• [Brief]
Repeat the data word for word, excluding every picture.

• [Recorded information]
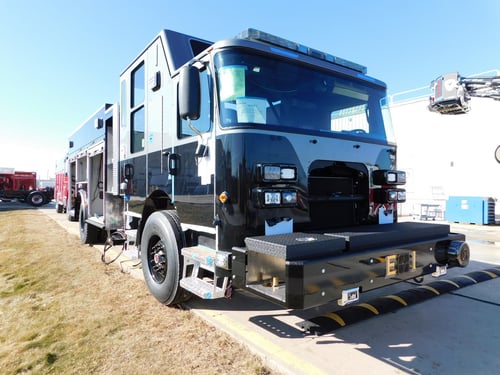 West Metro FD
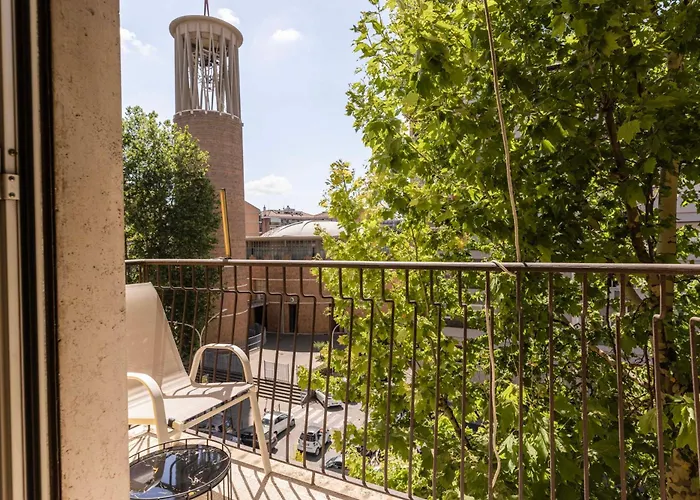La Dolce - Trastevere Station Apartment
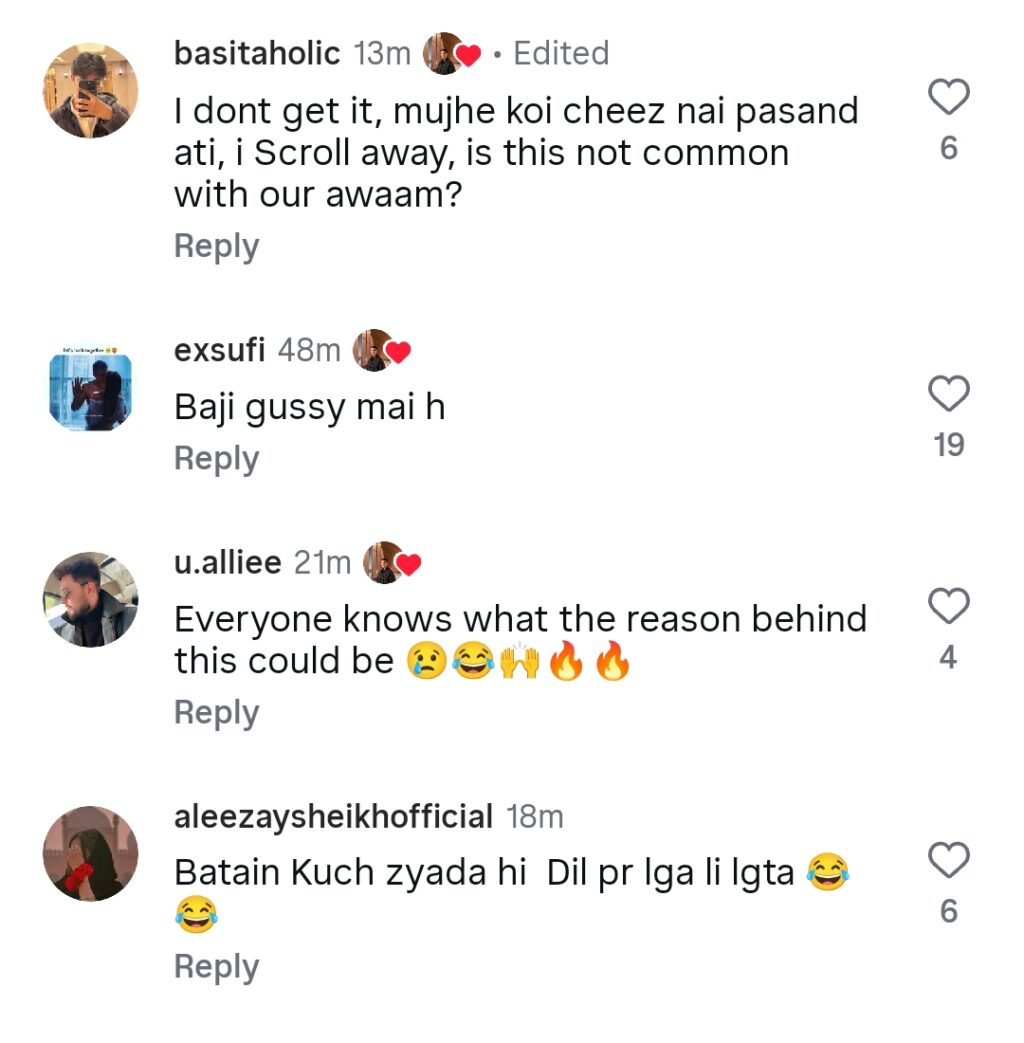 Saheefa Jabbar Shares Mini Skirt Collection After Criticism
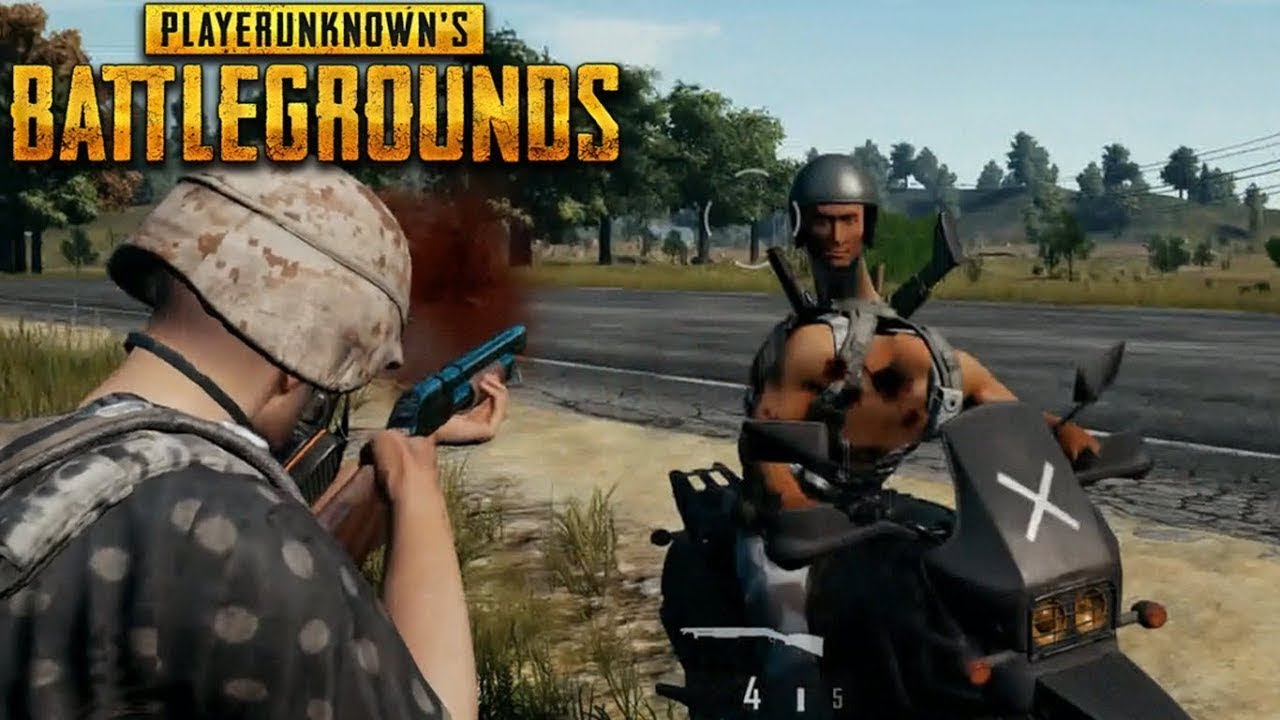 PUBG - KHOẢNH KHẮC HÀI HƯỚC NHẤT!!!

• [Answer to this task]
 West Metro FD
La Dolce - Trastevere Station Apartment
 Saheefa Jabbar Shares Mini Skirt Collection After Criticism
 PUBG - KHOẢNH KHẮC HÀI HƯỚC NHẤT!!!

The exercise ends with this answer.